Примерно такова и трагедия «Семирамида» (если не говорить о поэтических прелестях, которыми я не смог ее украсить). С первой же сцены видно, что все должно свершиться согласно Небесному промыслу, в каждом акте все держится на этой мысли. Карающий Бог вселяет в Семирамиду угрызения совести, которых она не испытала бы, если бы ее, находящуюся на вершине славы и благоденствия, не ужаснули стоны самого Нина. Бог пользуется самими ее угрызениями совести для того, чтобы предуготовить ей кару, и отсюда же вытекает поучение, которое можно извлечь из пьесы. Древние в своих творениях часто ставили себе цель высказать какую-нибудь глубокую истину.
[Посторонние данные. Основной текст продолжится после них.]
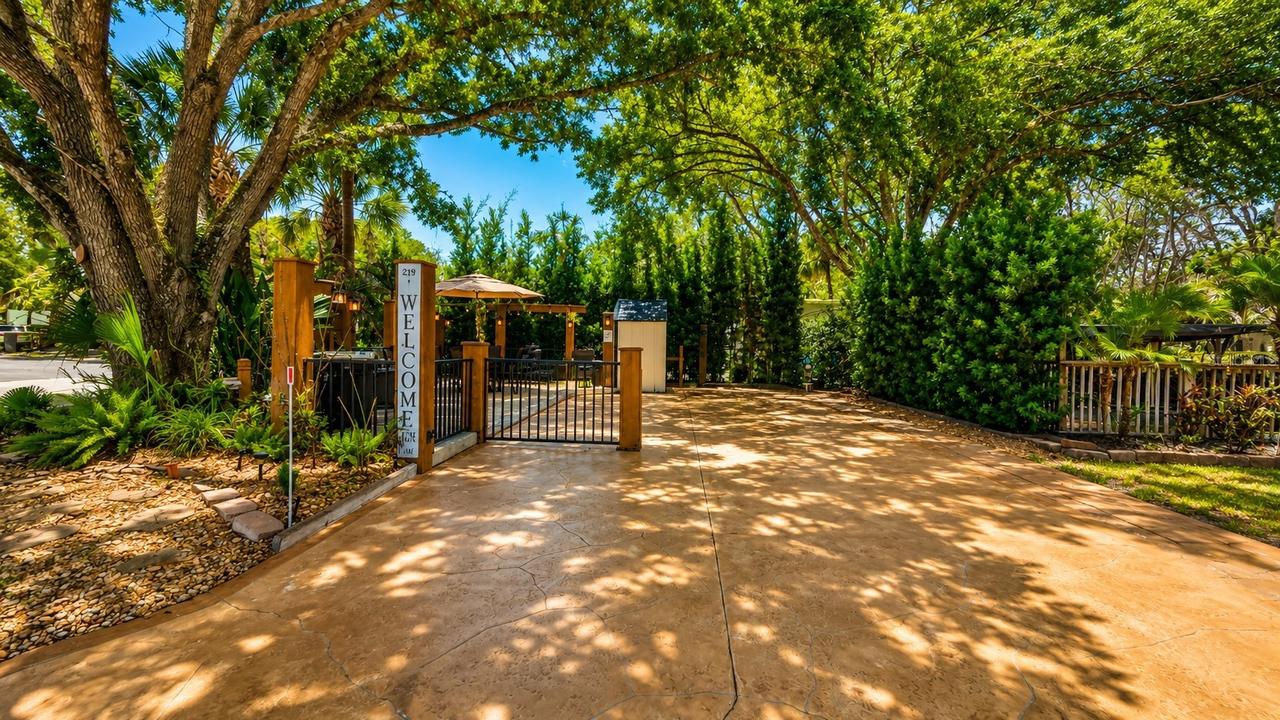 219 E Appaloosa Tr., River Ranch, FL 33867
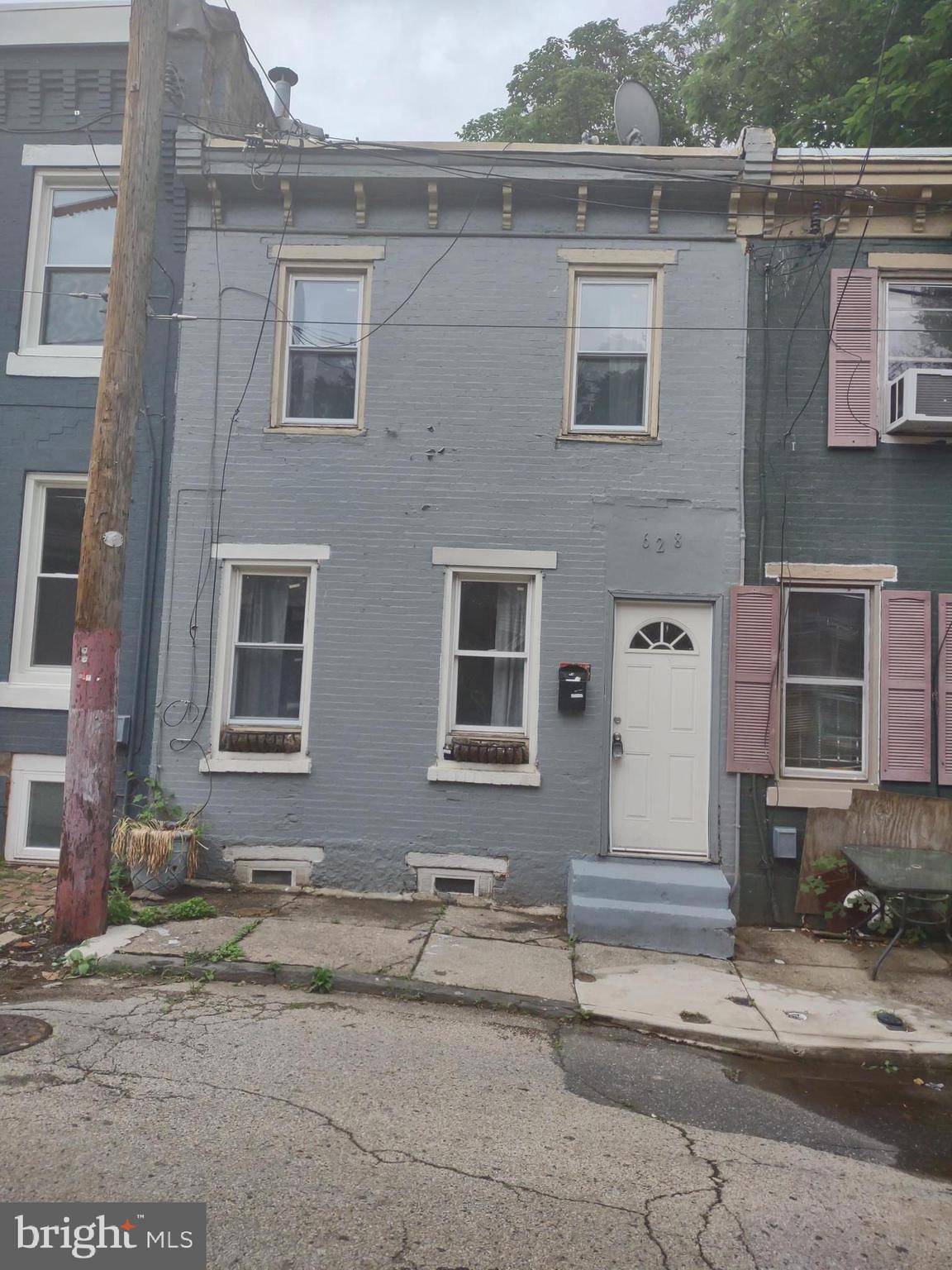 Philadelphia, PA 19104,628 N SHEDWICK ST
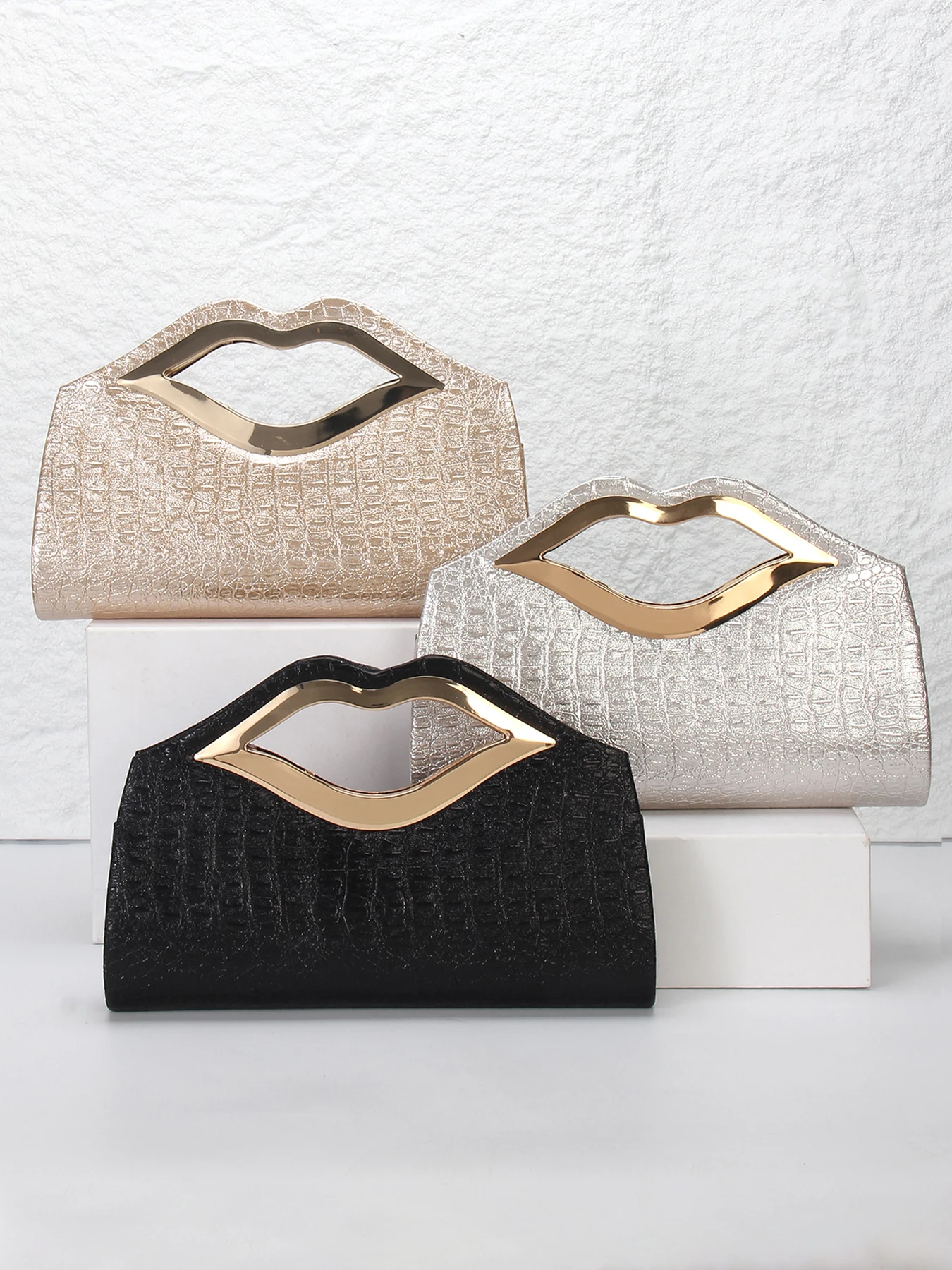 

Lip-Shaped Crocodile-Print Evening Clutch, Women's Clutch, Party and Banquet Bag, Comes with a Shoulder Strap for Crossbody Wear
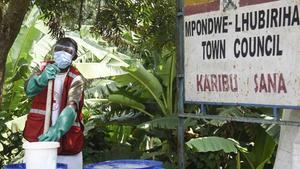 Un trabajador se sanea en Mpondwe, ciudad de Uganda fronteriza con la República Democrática del Congo.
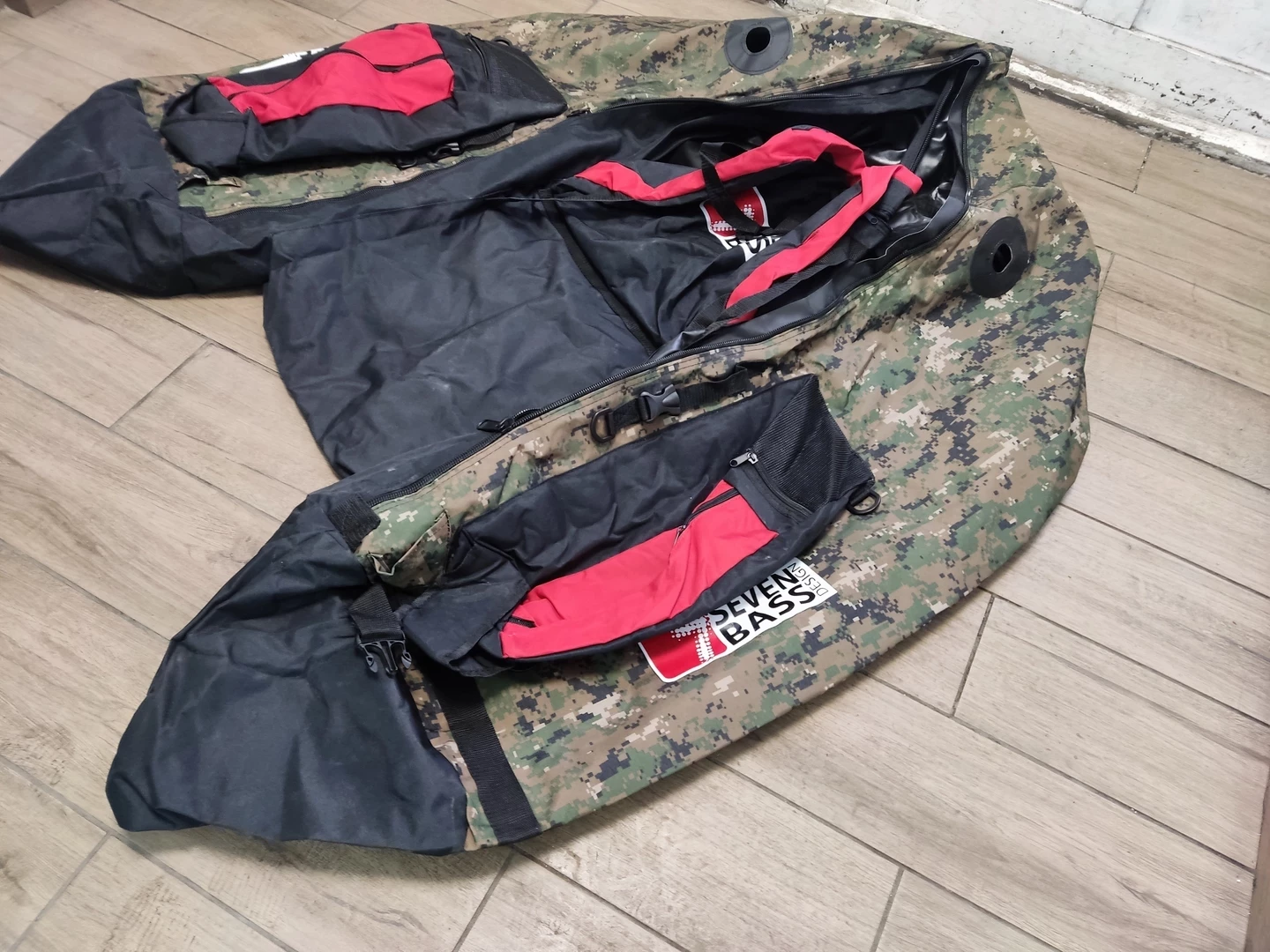 ponton-plywadelko-seven-bass-130cm-stan-uzywany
Так, Софокл заканчивает своего «Эдипа» словами о том, что никогда нельзя назвать человека счастливым, пока он жив. Вся мораль моей пьесы заключена в стихах:

…За черные дела

Небесный гнев разит, как молнии стрела, –

максиме несравненно более важной, чем максима Софокла. Но какое поучение, скажут мне, могут извлечь обыкновенные люди из столь редкого злодеяния и еще более редкого возмездия? Я согласен, что катастрофы, подобные развязке «Семирамиды», происходят не часто, но о том, что происходит каждый день, говорится в заключительных стихах пьесы:

…рок для нас таков:

Злодейства тайные – не тайна для богов.

Мало семейств на земле, к которым были бы неприложимы в известных случаях эти стихи; таким образом, трагические сюжеты, как нельзя более возвышающиеся над обычными судьбами, имеют самое прямое касательство к нравам всех людей.

Я мог бы в особенности отнести к трагедии «Семирамида» мораль, которой Еврипид заканчивает свою «Альцесту», пьесу, где в гораздо большей мере царит чудесное: «Сколь удивительные средства употребляют боги, чтобы свершить свои нерушимые предначертания! Сколь превосходят воображение смертных уготованные ими великие события!»

Итак, монсеньор, я преподношу эту пьесу Вашему высокопреосвященству единственно потому, что она дышит самой безупречной и даже самой строгой нравственностью. Подлинная трагедия – школа добродетели, и единственное различие между облагороженным театром и трактатами о морали состоит в том, что в театре поучение всецело выражается в действии, что там оно занимательно и предстает украшенным чарами искусства, которое было некогда для того и создано, чтобы поучать смертных и благословлять небо, и которое поэтому назвали языком богов. Вы, соединяющий это искусство со столькими другими, без сомнения простите мне пространное рассуждение о предметах, которые оставались, быть может, еще не совсем ясными и которые были бы вполне разъяснены, если бы Ваше высокопреосвященство, обладающее столь глубокими познаниями во всем, что касается Древнего мира, благоволило меня просветить.